Astrosat has just returned from the United States, having participated in the Armstrong Space Symposium at The Ohio State University. The Symposium is an annual gathering of the space Industry’s elite academics, business leaders and former astronauts, including the first man to walk on the moon, Neil Armstrong. They gather from all over the world to discuss and plan for the future of space.

“Steve’s overall contribution to the UK space industry and collaborative work alongside Dr John M Horack of Ohio State had earned him an invitation along with our Chief Operating Officer, Dr Fraser Hamilton, to attend and to moderate a key panel discussion,” says Dan.

Dan Ghatoray, Business & Innovation Analyst at Astrosat:

There is a formidably strong business community in the Lothians. The space industry is one where everything is done by collaboration. You need friends in space, and those aren’t in short supply in Scotland.

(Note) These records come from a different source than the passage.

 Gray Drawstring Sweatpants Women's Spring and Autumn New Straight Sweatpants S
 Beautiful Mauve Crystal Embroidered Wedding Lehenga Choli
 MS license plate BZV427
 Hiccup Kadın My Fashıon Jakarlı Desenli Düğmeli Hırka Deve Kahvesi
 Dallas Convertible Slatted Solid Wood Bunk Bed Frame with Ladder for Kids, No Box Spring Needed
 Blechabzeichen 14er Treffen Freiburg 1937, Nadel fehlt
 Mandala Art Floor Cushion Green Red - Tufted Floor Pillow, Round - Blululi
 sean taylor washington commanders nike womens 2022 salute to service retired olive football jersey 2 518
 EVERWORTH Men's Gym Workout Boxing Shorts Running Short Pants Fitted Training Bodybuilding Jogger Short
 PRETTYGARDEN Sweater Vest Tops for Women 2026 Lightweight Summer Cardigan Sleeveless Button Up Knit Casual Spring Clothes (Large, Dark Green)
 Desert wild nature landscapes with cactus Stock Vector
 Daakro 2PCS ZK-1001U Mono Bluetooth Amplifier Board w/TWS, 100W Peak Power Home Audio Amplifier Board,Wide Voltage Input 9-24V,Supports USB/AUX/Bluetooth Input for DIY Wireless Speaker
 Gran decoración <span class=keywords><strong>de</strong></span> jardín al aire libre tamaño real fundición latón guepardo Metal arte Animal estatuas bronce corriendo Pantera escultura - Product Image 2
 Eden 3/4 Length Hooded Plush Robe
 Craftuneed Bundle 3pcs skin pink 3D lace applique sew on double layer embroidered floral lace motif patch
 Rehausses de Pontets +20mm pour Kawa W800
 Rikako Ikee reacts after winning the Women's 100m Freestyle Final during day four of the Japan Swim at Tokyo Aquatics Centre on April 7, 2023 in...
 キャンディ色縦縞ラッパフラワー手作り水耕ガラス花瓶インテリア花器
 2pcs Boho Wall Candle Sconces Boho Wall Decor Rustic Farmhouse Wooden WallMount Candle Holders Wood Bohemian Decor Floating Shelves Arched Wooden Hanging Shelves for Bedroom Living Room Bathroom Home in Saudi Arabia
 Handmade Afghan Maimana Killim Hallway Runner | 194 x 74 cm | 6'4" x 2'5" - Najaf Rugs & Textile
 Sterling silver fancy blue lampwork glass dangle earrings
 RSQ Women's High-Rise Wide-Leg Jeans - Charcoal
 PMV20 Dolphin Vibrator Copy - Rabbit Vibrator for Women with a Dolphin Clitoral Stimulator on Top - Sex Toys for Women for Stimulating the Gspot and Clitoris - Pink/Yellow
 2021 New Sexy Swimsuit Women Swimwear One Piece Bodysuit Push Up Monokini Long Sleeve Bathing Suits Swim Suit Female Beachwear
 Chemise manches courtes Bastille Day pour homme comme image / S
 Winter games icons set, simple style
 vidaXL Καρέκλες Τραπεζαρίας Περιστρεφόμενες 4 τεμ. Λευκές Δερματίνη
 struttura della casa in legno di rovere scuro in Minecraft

The company is involved in tackling some truly global issues. In Guatemala, they are developing a revolutionary method for stopping the illegal logging trade in its tracks.

“We have created an application we call ‘FMAP’ – Forest Management and Protection. In a country where three quarters of the population live on or below the poverty line, the fair use of the natural environment is paramount to sustainable economic growth.”

The hope is that this technology will be used to reduce illegal logging across the country but also, as a result, protect and create sustainable forestry jobs, reduce forest degradation and also boost biodiversity.

Another project is a single data point designed to meet the needs of first responders who need situational awareness in critical situations.

“This is RAPID – Response and Protection in Disaster. RAPID collects, collates and processes satellite imagery to allow a full interrogation by the user to make smarter decisions on the ground,” explains Dan.

Since the company's formation in 2012, it has increased staff numbers significantly, from 15 to 50 and is generating a healthy annual turnover. “There is a formidably strong business community in the Lothians. The space industry is one where everything is done by collaboration. You need friends in space, and those aren’t in short supply in Scotland,” continues Dan.

“As to our vision for the future? We keep growing and innovating all the time. The possibilities are endless with the team we have. One thing we do know for sure is that the sky is not the limit, not even close.”